Among the most prominent is Julius Yego, a Kalenjin from Nandi County who made history as the first Kenyan to compete in javelin at the Olympics. In a sport long dominated by Europeans, Yego earned the nickname "Mr. YouTube" after teaching himself how to throw the javelin using online videos due to the absence of local coaches. His unconventional training methods led to global acclaim: Commonwealth gold in 2014, World Championship gold in 2015 (with an African record of 92.72 meters), and Olympic silver in 2016.

Yego's story inspired others, including Zeddy Cherotich, also of Kalenjin heritage and from Kericho County. She initially took up javelin before transitioning to judo, a sport with limited infrastructure in Kenya. In 2024, she became the first Kenyan woman to compete in Olympic judo, qualifying through international rankings just two years after she began training. Though she was defeated in her opening match at the Paris Games, her mere qualification was a historic breakthrough.

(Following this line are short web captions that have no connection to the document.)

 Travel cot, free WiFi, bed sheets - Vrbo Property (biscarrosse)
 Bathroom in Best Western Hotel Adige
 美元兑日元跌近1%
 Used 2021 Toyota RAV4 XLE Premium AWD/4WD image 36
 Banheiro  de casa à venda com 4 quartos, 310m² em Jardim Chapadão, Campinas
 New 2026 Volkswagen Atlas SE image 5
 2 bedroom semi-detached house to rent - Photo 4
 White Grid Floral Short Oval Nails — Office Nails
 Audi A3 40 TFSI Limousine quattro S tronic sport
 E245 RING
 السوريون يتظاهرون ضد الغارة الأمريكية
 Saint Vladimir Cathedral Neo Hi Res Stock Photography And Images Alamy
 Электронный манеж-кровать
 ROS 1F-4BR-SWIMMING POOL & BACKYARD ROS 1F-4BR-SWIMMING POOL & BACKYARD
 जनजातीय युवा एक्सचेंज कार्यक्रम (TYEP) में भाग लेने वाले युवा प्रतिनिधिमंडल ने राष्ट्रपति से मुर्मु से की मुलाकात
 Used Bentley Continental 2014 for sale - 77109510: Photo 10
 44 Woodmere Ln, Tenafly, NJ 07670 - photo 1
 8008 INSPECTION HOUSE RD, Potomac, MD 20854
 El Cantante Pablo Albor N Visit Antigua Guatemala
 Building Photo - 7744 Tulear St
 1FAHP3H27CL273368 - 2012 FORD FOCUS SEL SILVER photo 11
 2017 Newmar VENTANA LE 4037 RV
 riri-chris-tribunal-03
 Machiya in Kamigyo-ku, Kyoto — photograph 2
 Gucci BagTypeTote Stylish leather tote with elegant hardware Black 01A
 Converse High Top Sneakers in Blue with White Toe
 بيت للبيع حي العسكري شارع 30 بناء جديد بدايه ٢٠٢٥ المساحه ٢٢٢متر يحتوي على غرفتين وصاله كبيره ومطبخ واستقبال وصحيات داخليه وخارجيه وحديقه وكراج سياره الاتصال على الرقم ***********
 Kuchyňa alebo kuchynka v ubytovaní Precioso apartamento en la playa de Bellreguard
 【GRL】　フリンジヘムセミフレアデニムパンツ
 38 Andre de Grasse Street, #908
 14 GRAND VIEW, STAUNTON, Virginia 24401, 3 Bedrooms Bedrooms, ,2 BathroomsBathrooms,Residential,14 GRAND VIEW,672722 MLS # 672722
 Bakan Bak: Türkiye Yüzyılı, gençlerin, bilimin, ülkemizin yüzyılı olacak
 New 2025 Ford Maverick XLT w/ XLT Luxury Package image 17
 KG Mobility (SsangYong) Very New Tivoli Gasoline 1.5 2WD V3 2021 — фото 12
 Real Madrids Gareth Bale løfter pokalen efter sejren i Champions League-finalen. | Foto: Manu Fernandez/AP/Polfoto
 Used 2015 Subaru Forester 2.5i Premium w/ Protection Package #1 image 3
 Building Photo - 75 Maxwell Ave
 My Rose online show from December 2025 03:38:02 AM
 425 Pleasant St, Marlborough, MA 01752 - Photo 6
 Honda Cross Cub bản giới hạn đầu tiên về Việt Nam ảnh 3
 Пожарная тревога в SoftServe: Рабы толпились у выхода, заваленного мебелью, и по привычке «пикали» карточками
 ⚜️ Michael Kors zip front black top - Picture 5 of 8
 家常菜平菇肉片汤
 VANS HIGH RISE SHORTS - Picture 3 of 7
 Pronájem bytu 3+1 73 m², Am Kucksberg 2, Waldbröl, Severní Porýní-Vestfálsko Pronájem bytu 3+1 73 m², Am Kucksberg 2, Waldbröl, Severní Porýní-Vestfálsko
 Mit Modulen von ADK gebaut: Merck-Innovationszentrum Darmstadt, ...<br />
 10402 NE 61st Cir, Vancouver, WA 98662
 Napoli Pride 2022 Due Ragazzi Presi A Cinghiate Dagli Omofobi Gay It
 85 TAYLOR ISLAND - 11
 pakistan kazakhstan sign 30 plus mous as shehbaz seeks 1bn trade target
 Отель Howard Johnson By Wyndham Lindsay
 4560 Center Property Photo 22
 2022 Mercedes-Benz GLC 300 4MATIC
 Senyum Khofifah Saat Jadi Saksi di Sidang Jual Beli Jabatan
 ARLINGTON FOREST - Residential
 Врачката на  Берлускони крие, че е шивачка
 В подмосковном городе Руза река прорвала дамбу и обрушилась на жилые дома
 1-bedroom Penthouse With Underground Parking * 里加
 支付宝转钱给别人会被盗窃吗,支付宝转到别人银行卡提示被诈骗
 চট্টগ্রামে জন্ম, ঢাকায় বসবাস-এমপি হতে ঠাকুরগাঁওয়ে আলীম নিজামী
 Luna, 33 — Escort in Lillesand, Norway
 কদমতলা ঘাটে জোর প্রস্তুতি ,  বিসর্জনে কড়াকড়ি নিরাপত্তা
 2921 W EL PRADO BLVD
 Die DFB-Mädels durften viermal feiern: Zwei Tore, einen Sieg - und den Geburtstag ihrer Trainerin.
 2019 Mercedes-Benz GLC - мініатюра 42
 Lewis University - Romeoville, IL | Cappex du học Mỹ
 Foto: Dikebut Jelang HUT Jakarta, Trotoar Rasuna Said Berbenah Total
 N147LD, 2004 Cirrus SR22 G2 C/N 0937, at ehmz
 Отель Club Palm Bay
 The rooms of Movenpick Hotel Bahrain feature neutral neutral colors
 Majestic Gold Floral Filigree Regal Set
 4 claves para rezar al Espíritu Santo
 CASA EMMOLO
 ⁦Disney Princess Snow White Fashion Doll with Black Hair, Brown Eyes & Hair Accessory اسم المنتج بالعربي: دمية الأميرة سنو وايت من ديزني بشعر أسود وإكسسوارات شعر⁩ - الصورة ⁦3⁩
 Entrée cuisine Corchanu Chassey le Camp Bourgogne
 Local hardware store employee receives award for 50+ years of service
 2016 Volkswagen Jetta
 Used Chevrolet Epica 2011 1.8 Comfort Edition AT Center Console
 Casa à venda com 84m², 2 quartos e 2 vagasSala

Another standout is Paul Bitok, born in 1974 in Simat, Uasin Gishu County. Bitok made history as the first Kenyan to play professional volleyball abroad, with stints in Tunisia and Croatia. After returning home, he coached Kenya Commercial Bank's team to an African Clubs Championship title in 2006. He later transformed Rwanda's national team by establishing grassroots programs and regional camps. In 2019, Bitok returned to Kenya to lead the Malkia Strikers, guiding the national women's team to Olympic qualification and a gold medal at the 2019 African Games. His election as Deputy President of the Kenya Volleyball Federation in 2023 signaled a shift into high-level sports leadership.

Equally compelling is the story of Joshua Cheruiyot Kirui, a mountaineer whose passion for endurance took him far beyond tracks and trails. Born in 1984 in Nairobi, Kirui climbed Mount Kenya over 20 times, completed ultramarathons across four continents, and became the first African to summit Mt. Manaslu (8,163 meters) without supplemental oxygen. In 2024, he attempted to become the first African to summit Mount Everest under the same conditions. Tragically, he and his Sherpa guide perished during the final ascent.

==Pastimes==
===Viewerthons===
A viewerthon is a spectator event, usually on a screen in a social setting, of a long distance athletics event. They are often sponsored by a government or corporate entity and may have appearances by past successful athletes. The term is a portmanteau of the words ‘view’ and ‘marathon’ and the event arose from the success of Kalenjin athletes in these types of events giving rise to widespread viewership of notable races. Viewerthons are particularly noted in the town of Eldoret and it is not uncommon to find large screens being installed around town during Olympic and World Athletic Championship races. They attained notability during Eliud Kipchoge's attempt at running a marathon under 2 hours, an event publicized as the Ineos 1:59, which gained global prominence leading to much local interest.